= Beginning of Section =

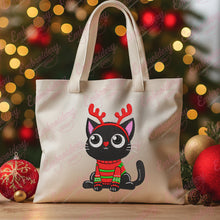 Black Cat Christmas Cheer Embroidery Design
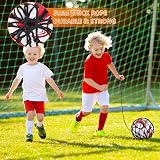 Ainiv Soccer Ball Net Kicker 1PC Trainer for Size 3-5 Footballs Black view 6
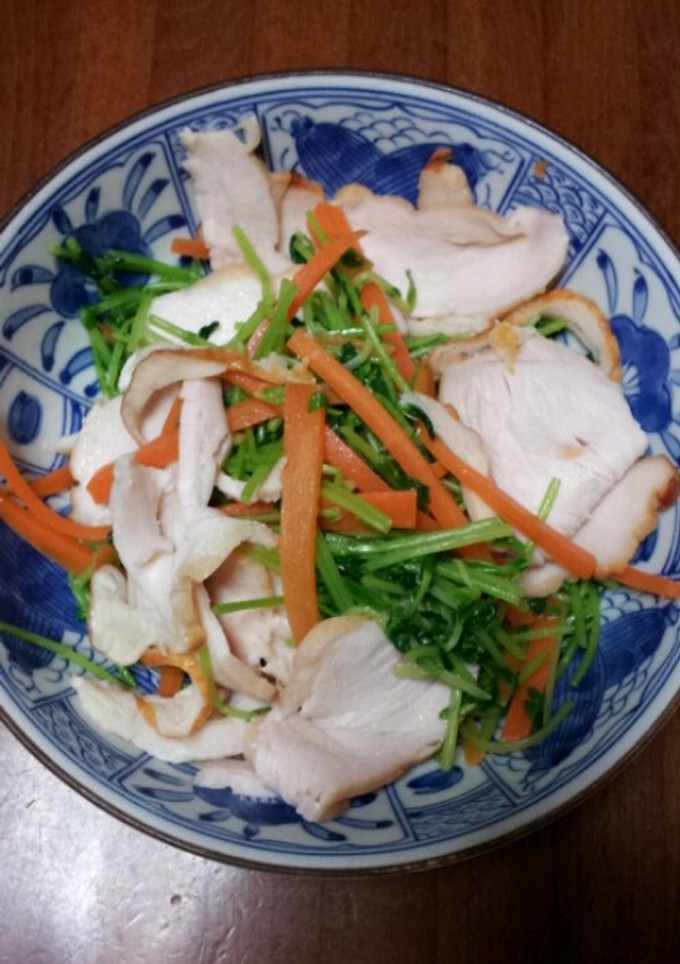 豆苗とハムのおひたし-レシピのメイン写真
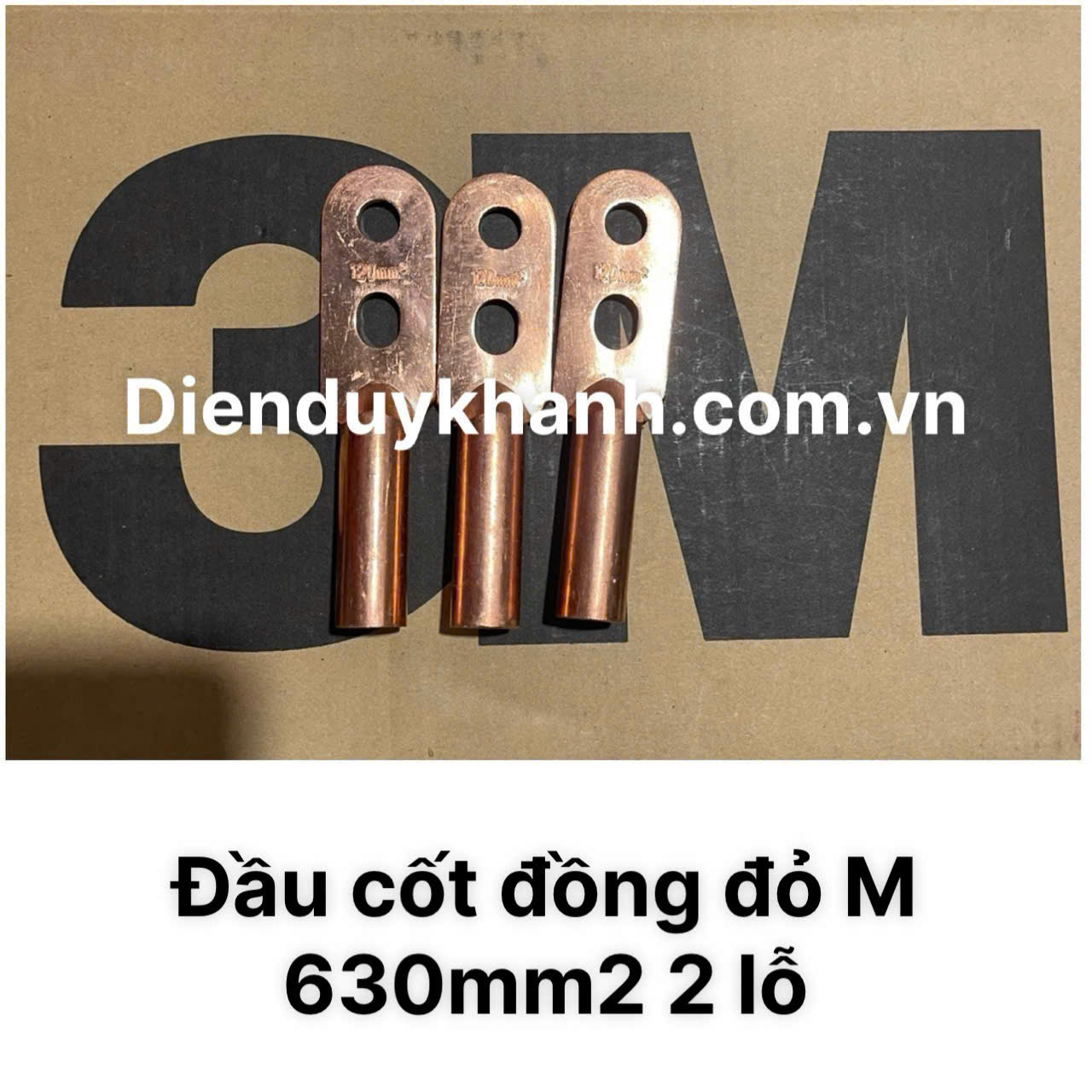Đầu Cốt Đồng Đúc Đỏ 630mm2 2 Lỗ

= End of Section =

From the data above, write out everything exactly except the pictures.

 Black Cat Christmas Cheer Embroidery Design
 Ainiv Soccer Ball Net Kicker 1PC Trainer for Size 3-5 Footballs Black view 6
 豆苗とハムのおひたし-レシピのメイン写真
Đầu Cốt Đồng Đúc Đỏ 630mm2 2 Lỗ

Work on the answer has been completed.